In phase 1 trials, the target is the evaluation of the maximum tolerated dose (MTD), the highest dose level with a pre-established observed toxicity rate. Depending on the risk of the experiment, a toxicity rate is fixed and the maximum dose level which does not exceed this toxicity rate is chosen. Then the recommended dose for the next phases of the study is either the MTD or one dose level less than the MTD. In phase 2 trials, we have an analogous experiment but now the target is the minimal effective dose, MED, which is the minimum dose level with a fixed efficiency rate. It is also common to try to combine these two targets in a single experiment, estimating a toxicity-efficiency curve and looking for an optimal dose that mixes these two goals.

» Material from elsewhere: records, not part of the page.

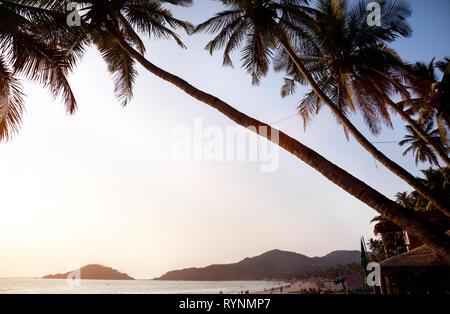 Bella vista panoramica del tramonto tropicale spiaggia con bungalow e palme di cocco a Palolem in Goa, India Foto Stock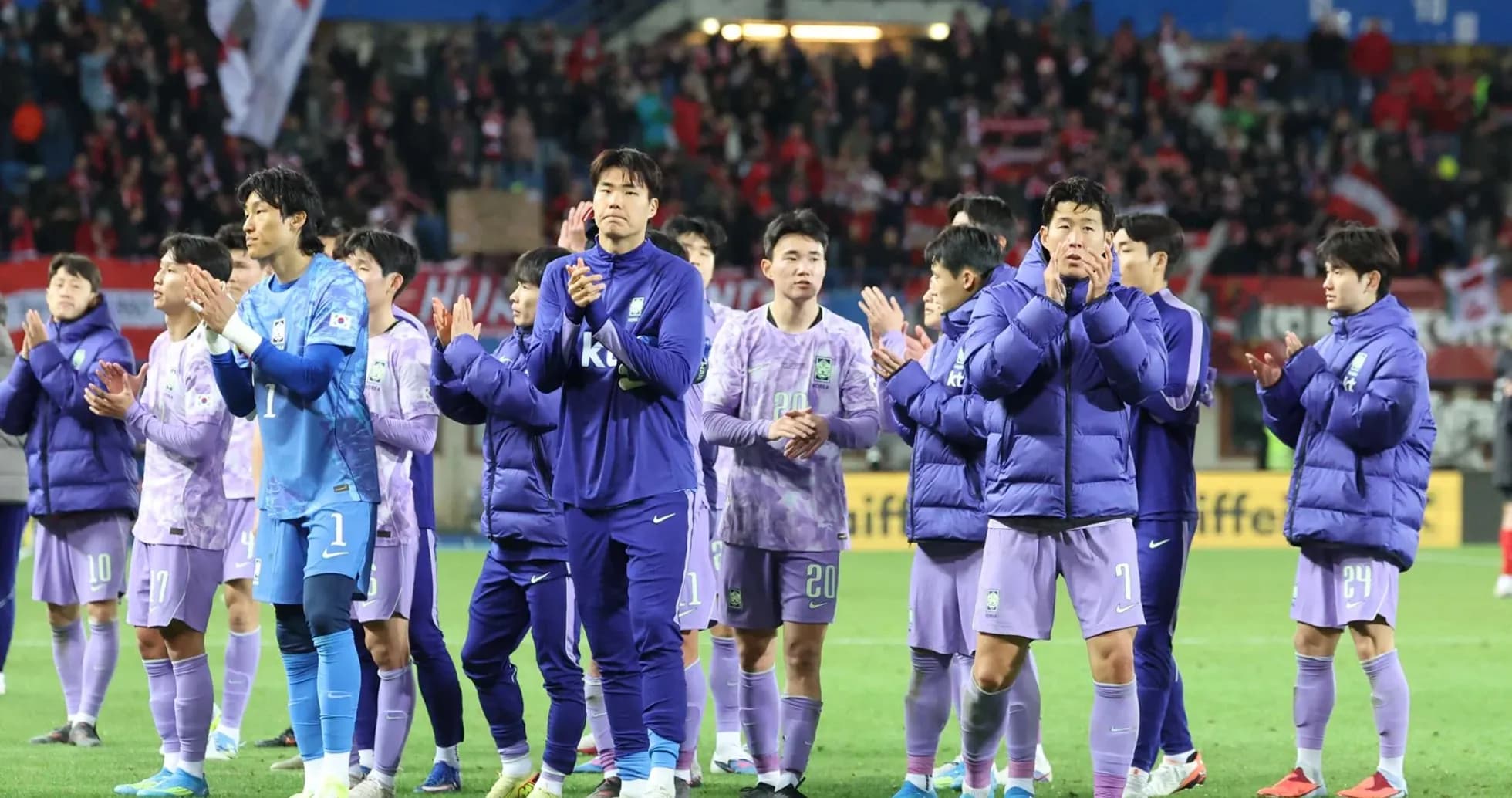 Team celebrating and applauding fans after match
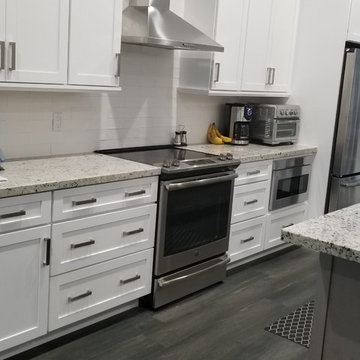 Two Toned Kitchen Full Remodel featuring White & Gray Cabinetry and Granite tops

A wide catalogue of designs for dose-finding experiments could be found in the statistical literature. The initial dose, the dose escalation, the stopping point and accuracy in the estimation of the MTD and MED are the main concerns in a design and they still are a fertile area for ​​research. A classical design in phase 1 is the traditional 3+3 design, very used in oncology experiments. In this design, patients are assigned in groups of three and the trial starts in the lowest dose level.  The first three patients are assigned and if it does not show any toxicity, we assign the next patients to the next level; if there is one case of toxicity, we repeat the experiment in the same level, and if there are two or more toxicities in the same level, we conclude that we have exceeded the MTD. This procedure is repeated until we exceed the MTD.

Phases 1 and 2  have been much less treated theoretically than phase 3 of clinical trials, but with this post I wanted to show up their  importance and try to make them more understandable to people who work in statistics.